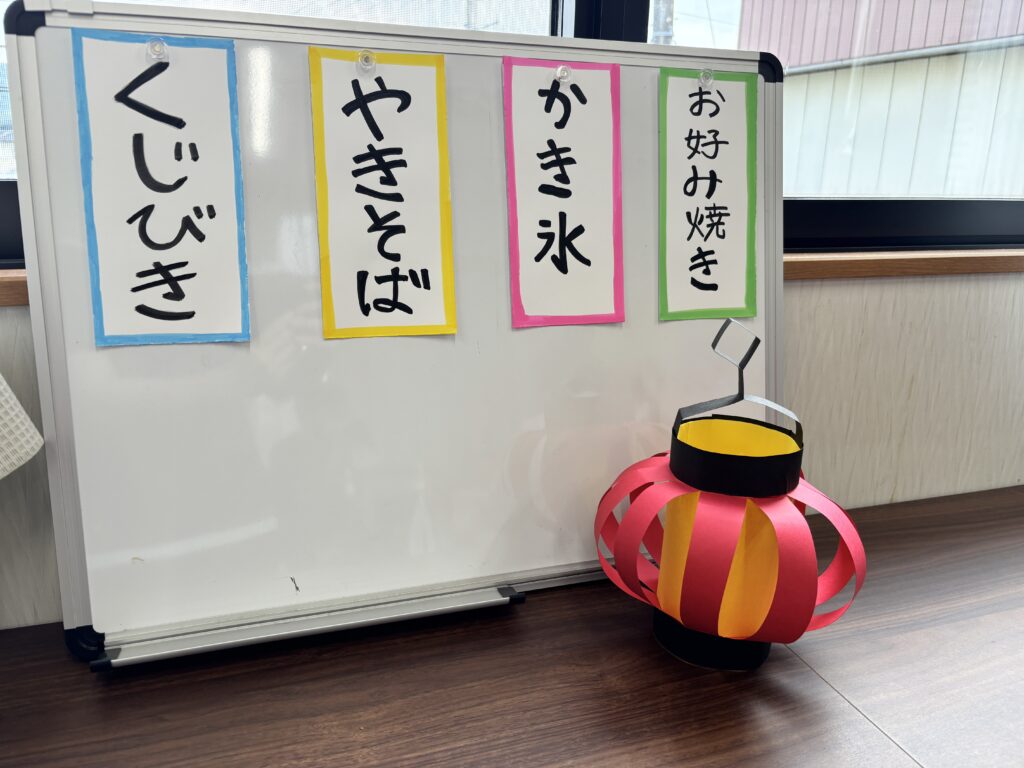 ホワイトボードにかき氷、焼きそば、お好み焼き、くじびきの札が貼ってあります。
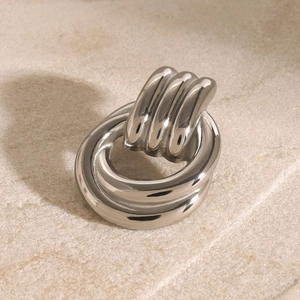 Macro view of geometric silver tiered brooch with high-polished metallic finish
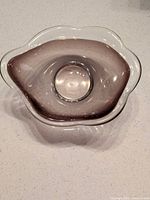 Top view highlighting wavy rim and smoky lavender interior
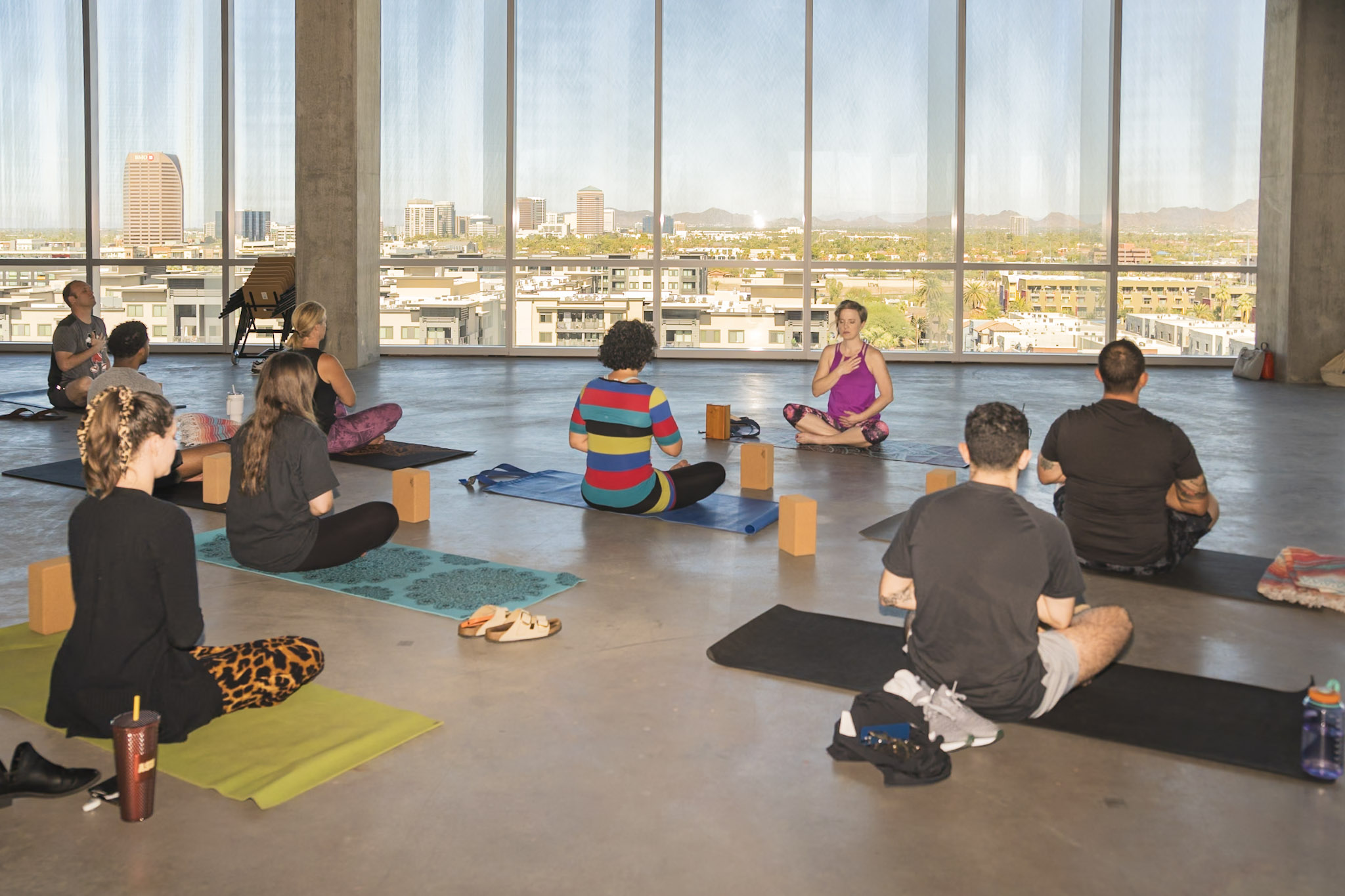 Teresa Porter leading a workplace wellness session in a city office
------------------------------
What is expected: Reproduce the material in full, word for word, and omit the pictures.

Solution to the exercise:
 ホワイトボードにかき氷、焼きそば、お好み焼き、くじびきの札が貼ってあります。
 Macro view of geometric silver tiered brooch with high-polished metallic finish
 Top view highlighting wavy rim and smoky lavender interior
 Teresa Porter leading a workplace wellness session in a city office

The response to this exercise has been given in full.